Reportikaindonesia.com // Banten – Terminal Bus Kadu Banen di Pandeglang Banten merupakan salah satu pelayanan publik kategori transportasi memiliki lokasi sangat strategis mudah dijangkau masyarakat dalam mendapatkan layanan transportasi. Pandeglang 20 Maret 2026.
Undang-Undang Pelayanan Publik No.25 Tahun 2009 bertujuan untuk memberikan kepastian hukum dalam hubungan antara masyarakat dan penyelenggaran dalam pelayanan publik.

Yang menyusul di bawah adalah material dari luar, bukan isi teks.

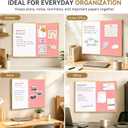 Whiteboard Bulletin Board Combo, 24"x18" Dry Erase Linen Cork Board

Terminal Bus termasuk kedalam kategori jenis pelayanan publik yang terkait dengan pelayanan transportasi, selain pelabuhan dan bandara, tentu saja memiliki fungsi sebagai penyedia tempat pemberhentian dan pemberangkatan bus yang memudahkan masyarakat melakukan perjalanan serta sebagai tempat pelayanan informasi jadwal dan rute kendaraan.
Berdasarkan pantauan awak media Reportikaindonesia.com di lokasi terminal Kadu Banen Pandeglang pada hari Jumat 20 Maret 2026 ditemukan beberapa hal yang harus menjadi fokus perhatian dalam upaya memperbaiki dan meningkatkan kualitas pelayanan publik di terminal tersebut, diantaranya:
1. Tidak adanya satupun petugas lapangan atau pengurus di kantor terminal maupun di area seputar terminal yang dapat dimintai keterangan pada hari itu;
2. Sampah berserakan di area perparkiran terminal sehingga mengesankan kawasan terminal sebagai pelayanan publik tidak terawat dengan baik. 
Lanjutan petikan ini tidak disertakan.